Dealing with Rising World Oil Prices

Date: 
Wednesday, May 28, 2008

Press Statement

The Polit Bureau of the Communist Party of India (Marxist) has issued the following statement:

On Dealing With Rising World Oil Prices

The profits enjoyed by private oil companies in the country have increased along with increase in oil prices. Due to the selective policy of the Government, private sector companies both in upstream and downstream are enjoying windfall profits arising not due to extra business acumen or competitive business approach but due to the high global crude price.

With crude oil prices now exceeding $ 100 per barrel, it is necessary that windfall gains be recovered from all the private and joint venture oil producing companies like M/s Cairns, Reliance, Essar etc extracting oil and gas in India. When these contractors participated in the New Exploration Licensing Policy (NELP), none of them could have envisaged crude oil prices beyond $ 30 per barrel. It would be a failure on Government’s part to allow upstream contractors additional gain of $ 70 per barrel - $ 80 per barrel without any extra work. Many other countries have gone ahead and re-negotiated their contracts with a threat of imposing windfall taxes on such profits.

It is time that Government of India takes charge and recovers unintended gains from upstream contractors.

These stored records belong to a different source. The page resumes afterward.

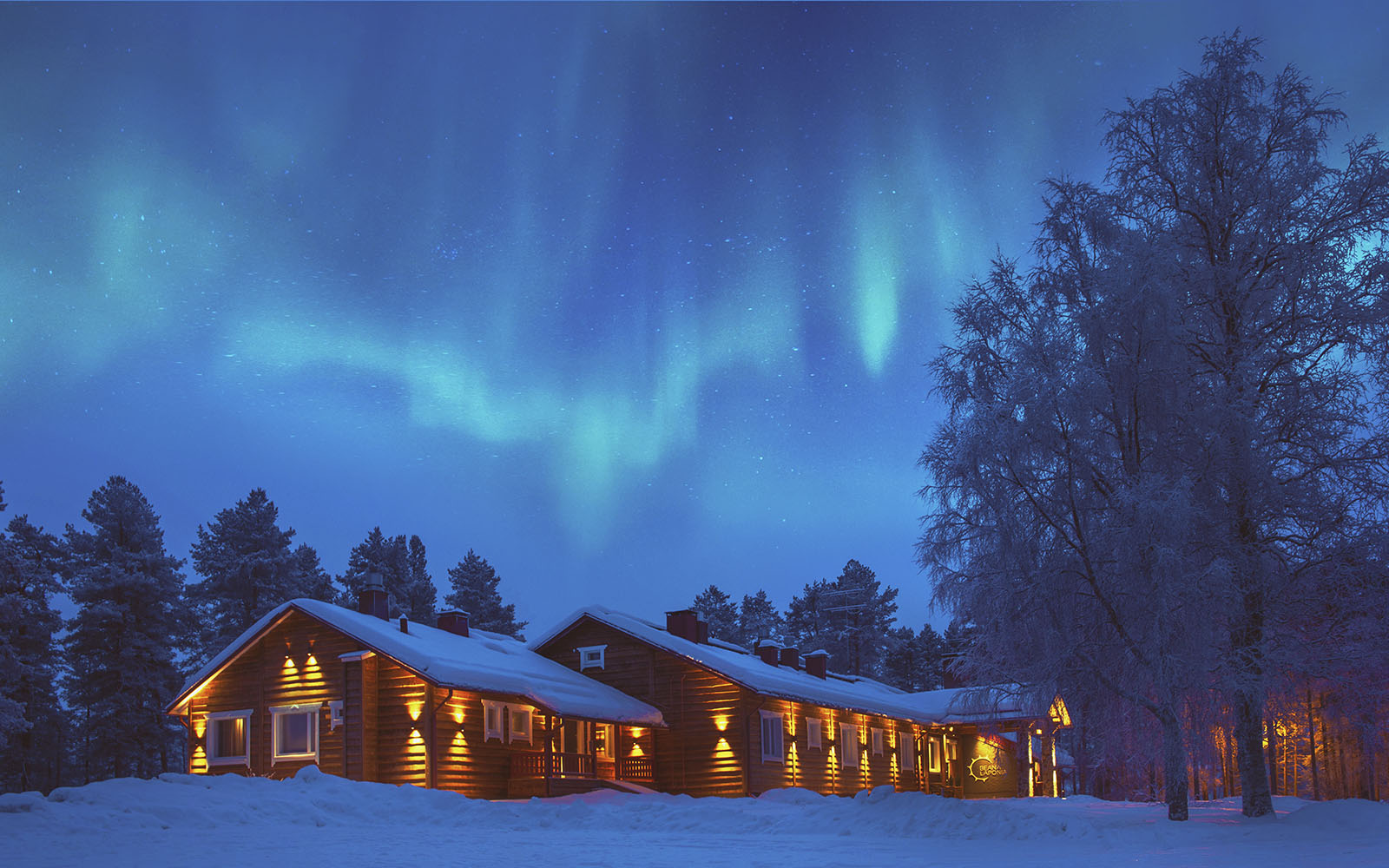 White Northern Lights (aurora borealis) dance across a blue sky above Beana Laponia near Rovaniemi in Finnish Lapland.  The wood clad lodge building is lit with a warm orange glow from the external lights mounted around the walls. 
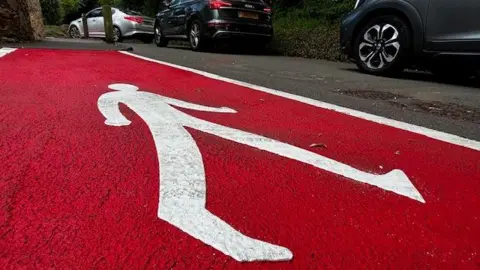 red walking path painted in country lane 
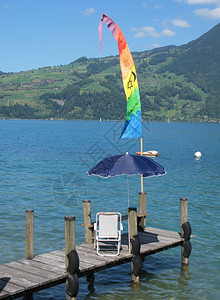 湖边季节秋天瑞士Thun湖木制码头的椅子和伞图片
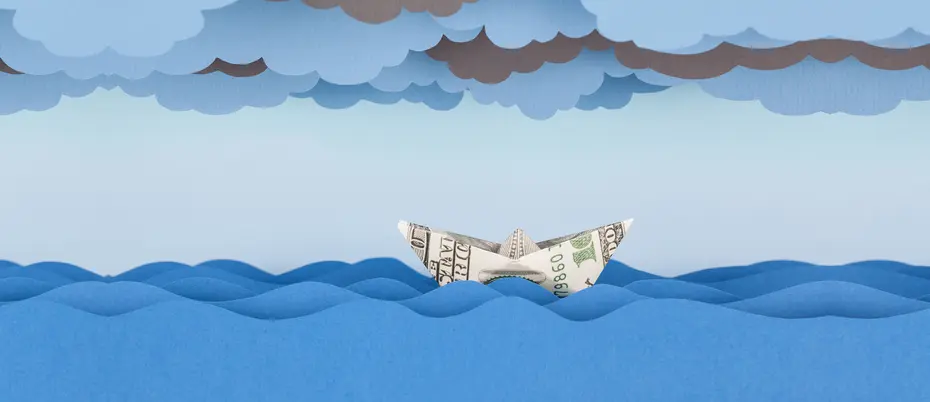 boat made of a dollar bill floating in a sea with clouds overhead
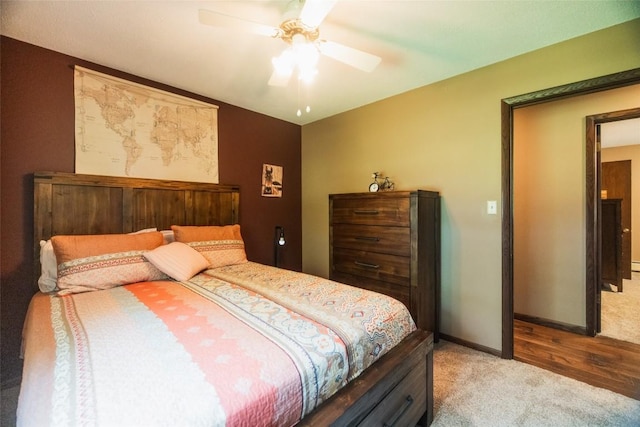 bedroom with light colored carpet and ceiling fan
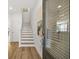 Inviting entryway with wood floors, staircase, and an art piece at 2815 Habibi Ct, Buford, GA 30519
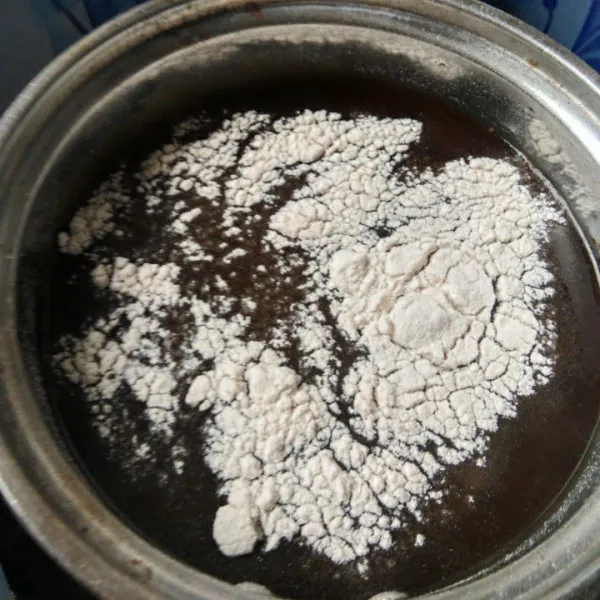 Tuang kembali air gula merah pada panci, tambahkan bubuk agar-agar, aduk hingga larut kemudian nyalakan kompor.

Similarly, private sector refineries have been allowed to keep margins for refining cost exceeding $ 15 per barrel while public sector companies struggle to meet their financial requirements. For example, for a private refinery like Reliance, which exports a major portion of its products, the profit has increased by 26 per cent during the quarter October-December 2007 and 35 per cent during January-March, 2008 as compared to the same period during the last financial year. By design the Government has dragged down the public sector companies while private sector companies have been allowed to flourish. It is necessary that the Government impose a windfall tax on private refineries, who do not contribute to meet the oil subsidy bill.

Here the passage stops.